そこで交渉が上手くいったところで、その人の日記を読みたいかというと、読みたいとはあまり思えない。

交渉しているということは、その人に会っているからだ。会ったことのない知らない人の日記を読みたいという目的からずれてしまっている。

顔も知らない、声も知らない、そんな一人の人間が、確実に同じ世界で1日を生き、生活しているということを、日記を読むことで感じたい。

ごく普通の、(普通というのは、その人にとっての普通のこと)生活を垣間見て、どんなものを見て、聴いて、どのように感じているのかを知りたい。

言葉という道具を持っている人は、話せば心の中が少しだけわかる。顔を持っている人は、表情で心の中を少しだけ覗くことができる。

こんなに人が多い東京にいて、何百人もの人とすれ違っているはずなのに、知らない人の日記を読みたいという欲望は、深く人付き合いができていないことの表れなのだろうか。
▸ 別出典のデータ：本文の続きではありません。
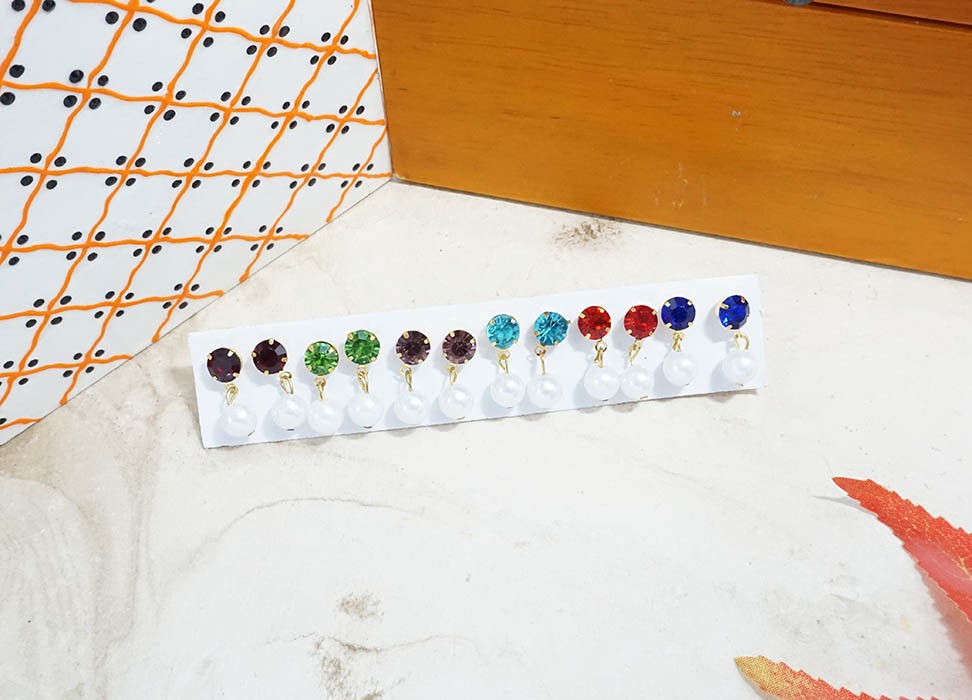 Pair of 6 Multi Stone Beads Earrings /Tops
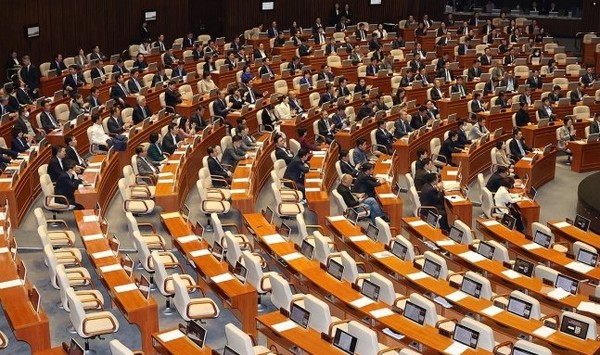 9일 국회 본회의에서 야당 의원들이 표결 결과를 보고 있다. 국민의힘 의원들은 퇴장했다. 노란봉투법과 방송3법은 이날 야당 단독으로 통과됐다.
個人単位では良いお付き合いができている人が多いと思うけれど、俯瞰してみるとどうなのだろうか。

何をみて、どのように感じているかを知るには、外側へベクトルを向けていくことが大切だと思う。両開きドアが閉じている人が多いから、言葉での会話も、顔での表情もどこか物足りなく感じられるのだろう。だから日記を求めてしまうのだ。

知らない人の日記を読むこともしたいし、私のドアは全開に開いて、街で知らない人の日記を読んでいるときと同じ感覚に浸りたい。